Let $$f(x)= [x]^{2}-[x+3]-3, x\in \mathbb R$$, where $$[\cdot]$$ is the greatest integer funtion. Then

Let $$[\,\cdot\,]$$ denote the greatest-integer (floor) function. Write $$n=[x]$$. Then $$x\in[n,n+1)$$ with $$n\in\mathbb Z$$.

Since $$x+3\in[n+3,n+4)$$, we have $$[x+3]=n+3$$.

Hence for every $$x\in[n,n+1)$$,

$$\begin{aligned} f(x)&=[x]^{2}-[x+3]-3 \\[2mm] &=n^{2}-(n+3)-3 \\[2mm] &=n^{2}-n-6 \\[2mm] &=(n-3)(n+2)\,.\end{aligned}$$

Thus $$f(x)$$ depends only on the integer $$n=[x]$$ and is constant over each unit interval $$[n,n+1)$$.

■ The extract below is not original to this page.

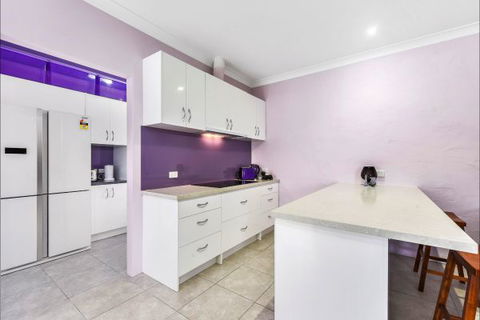Fensom's Holiday Home - Accommodation Mooloolaba 10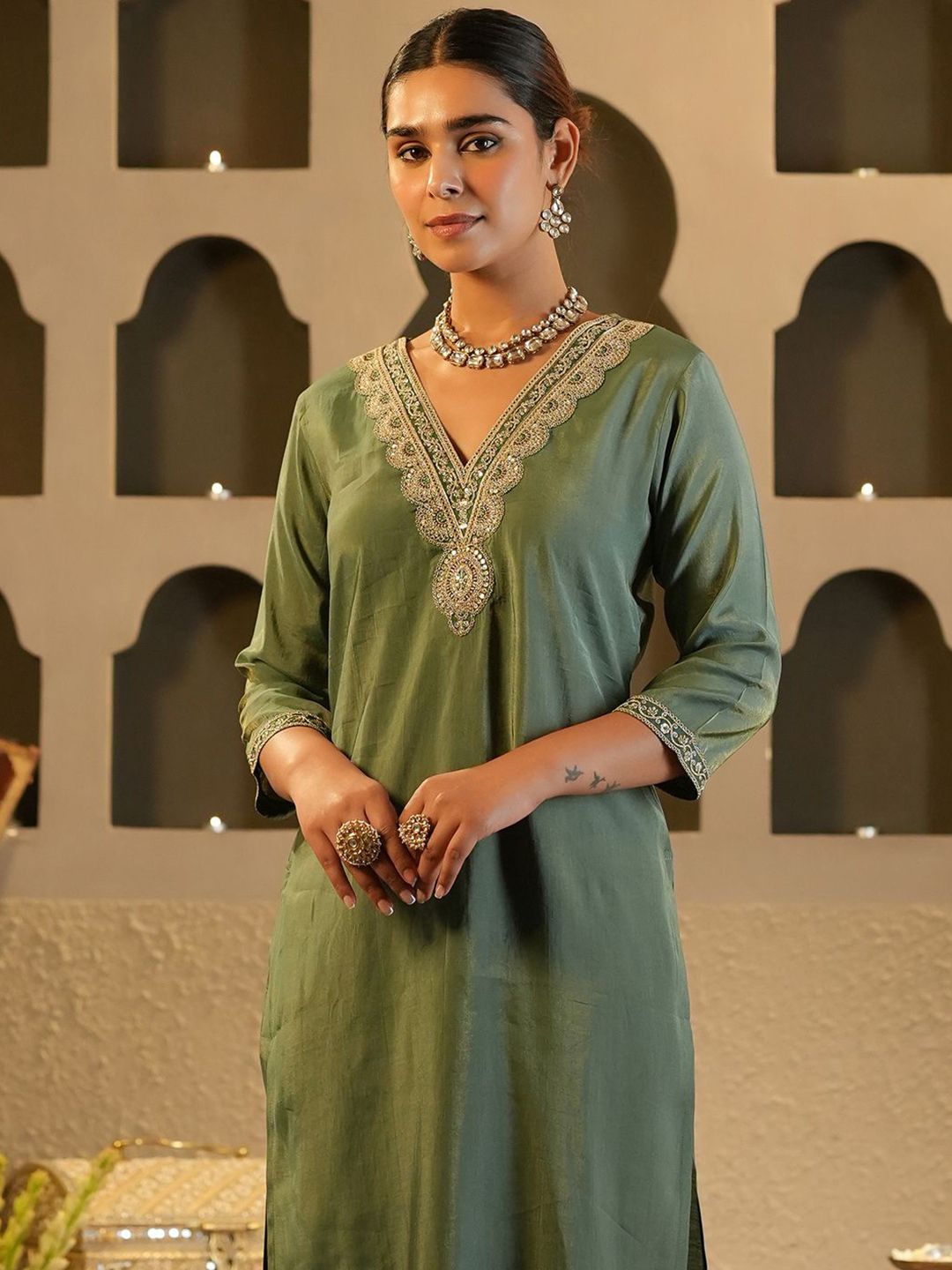 Women Woven Design Embroidered Kurta with Trousers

Sign analysis of $$g(n)=n^{2}-n-6=(n-3)(n+2)$$

• $$g(n)=0$$ at $$n=-2,\,3$$.
• $$g(n)\gt0$$ for $$n\le-3$$ and for $$n\ge4$$.
• $$g(n)\lt0$$ for $$-1\le n\le2$$.

Translating back to $$x$$ (remember $$x\in[n,n+1)$$):

• $$f(x)\gt0$$ for $$x\in(-\infty,-2)\cup[4,\infty)$$.
• $$f(x)=0$$ for $$x\in[-2,-1)\cup[3,4)$$.
• $$f(x)\lt0$$ for $$x\in[-1,3)$$.

Checking the options

Option A: “$$f(x)\gt0$$ only for $$x\in[4,\infty)$$”. There is another positive region $$(-\infty,-2)$$, so Option A is incorrect.

Option B: “$$f(x)\lt0$$ only for $$x\in[-1,3]$$”. Indeed whenever $$f(x)\lt0$$, $$x\in[-1,3)$$, which is contained in $$[-1,3]$$, and there are no negative values outside this interval. Therefore Option B is correct.

Option C: “$$f(x)=0$$ for finitely many values of $$x$$”. The zeros occur throughout the full intervals $$[-2,-1)$$ and $$[3,4)$$, giving infinitely many points. Hence Option C is wrong.

Option D: Evaluate $$\displaystyle\int_{0}^{2}f(x)\,dx$$.

Between $$0\le x&lt1$$: $$[x]=0\Rightarrow f(x)=0^{2}-3-3=-6$$.
Between $$1\le x&lt2$$: $$[x]=1\Rightarrow f(x)=1^{2}-4-3=-6$$.

Therefore $$\int_{0}^{2}f(x)\,dx=\int_{0}^{1}(-6)\,dx+\int_{1}^{2}(-6)\,dx=-6(1)-6(1)=-12\neq-6$$. So Option D is also wrong.

Hence the only correct choice is Option B.